▶ **Data below**:
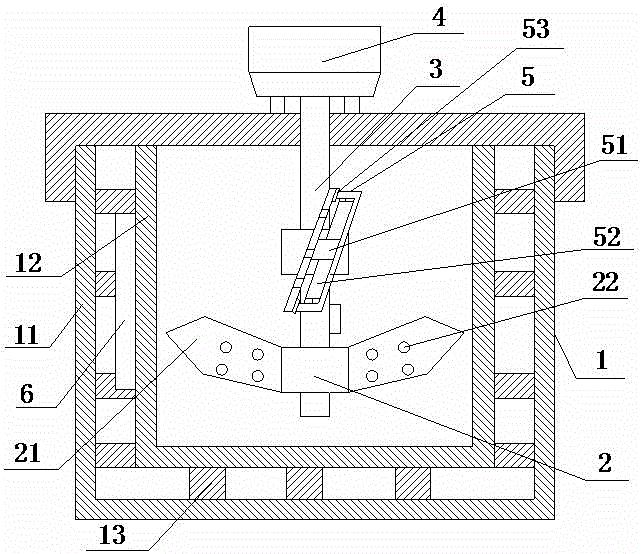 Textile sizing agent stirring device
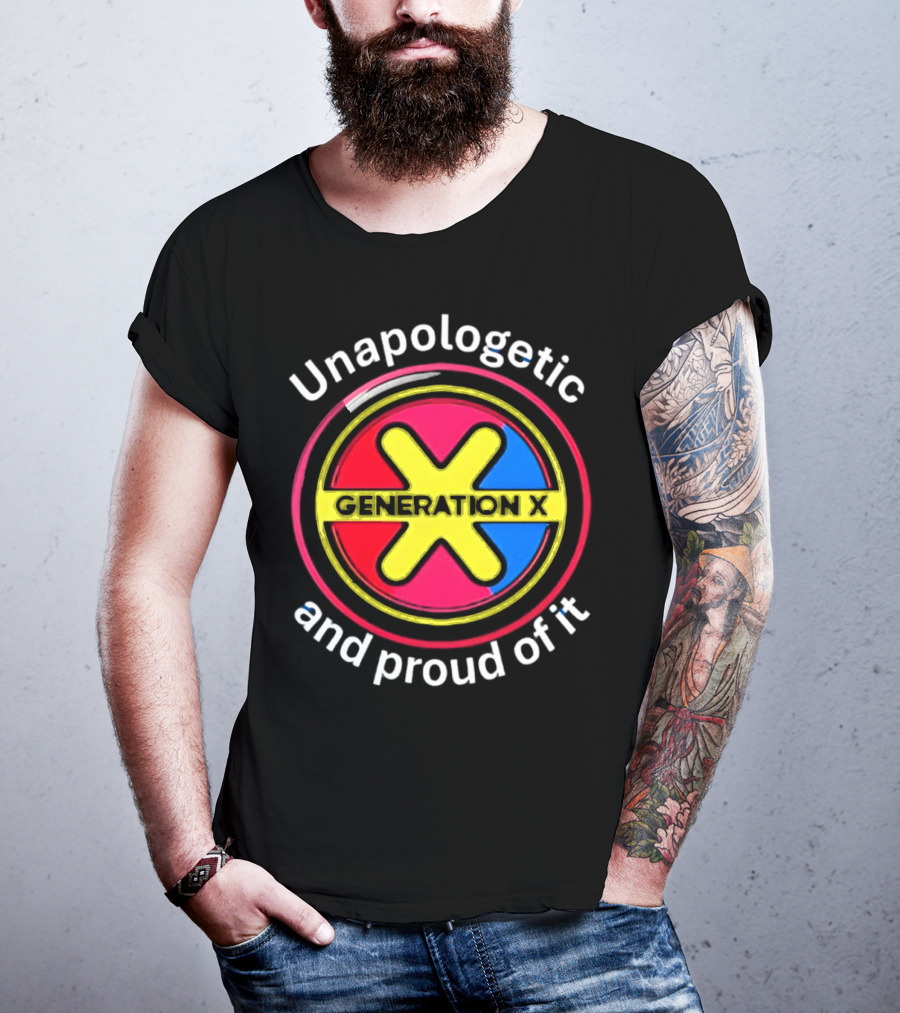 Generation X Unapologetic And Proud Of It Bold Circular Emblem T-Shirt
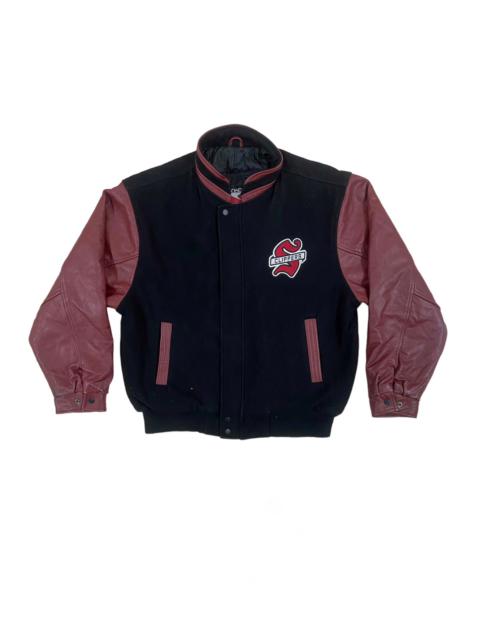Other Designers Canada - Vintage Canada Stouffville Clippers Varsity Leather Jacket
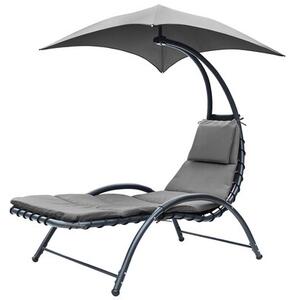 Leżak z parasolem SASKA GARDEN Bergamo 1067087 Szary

▶ **What you have to do**: Skip the images and write out the rest of the listing exactly.

▶ **Exercise response**:
 Textile sizing agent stirring device
 Generation X Unapologetic And Proud Of It Bold Circular Emblem T-Shirt
Other Designers Canada - Vintage Canada Stouffville Clippers Varsity Leather Jacket
 Leżak z parasolem SASKA GARDEN Bergamo 1067087 Szary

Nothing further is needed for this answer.